Le visage d'Hélianthe exprimait l'inquiétude et Rosalind acquiesça, buvant une gorgée de son thé. Les deux femmes se turent un moment, s'abandonnant dans la contemplation des flammes qui dansaient dans l'âtre.

- Je t'écrirai quand il reviendra, reprit la vieille dame. Vous devez apprendre à ne plus reposer sur moi pour jouer les intermédiaires... Vous semblez mal le comprendre, mais je ne suis pas éternelle! Et vous trois, mes trois petits-enfants... continua-t-elle avec tendresse, vous êtes l'avenir de cette famille. Il est temps que vous en preniez conscience.
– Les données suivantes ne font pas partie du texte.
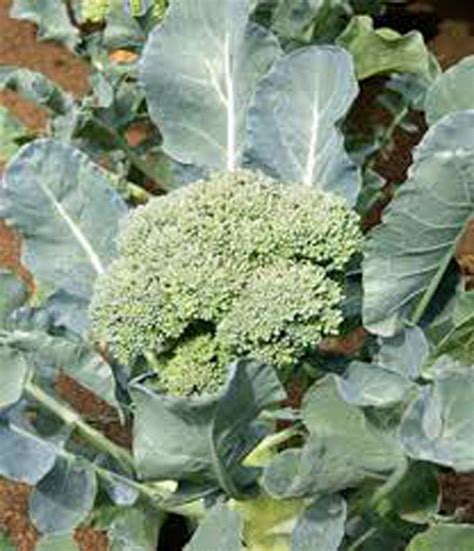 Broccoli Seeds – Country Creek LLC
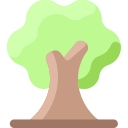 Árbol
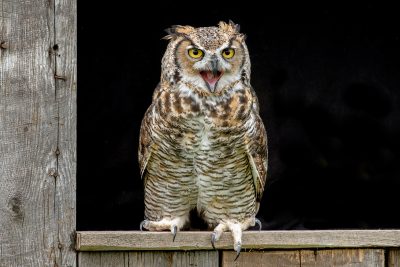 Great_Horned_Owl,_Ontario,_Canada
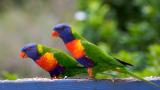 Two lorikeets on verandah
- Bien, répondit Rosalind en souriant.

@Casper Fawley... songea-t-elle.  Lui aussi lui avait terriblement manqué. Cela faisait si longtemps. Mais elle commençait à comprendre qu'il était vain de pleurer sur le temps perdu. Elle respira les odeurs connues de cette pièce dans laquelle elle avait passé de longues heures, couchée à plat ventre devant la cheminée. Feuilletant un livre ou jouant avec ses deux cousins. Le passé... était le passé et les remords l'avaient assez faite souffrir. Il lui fallait avancer, et tenter de réparer ce qui pouvait encore l'être.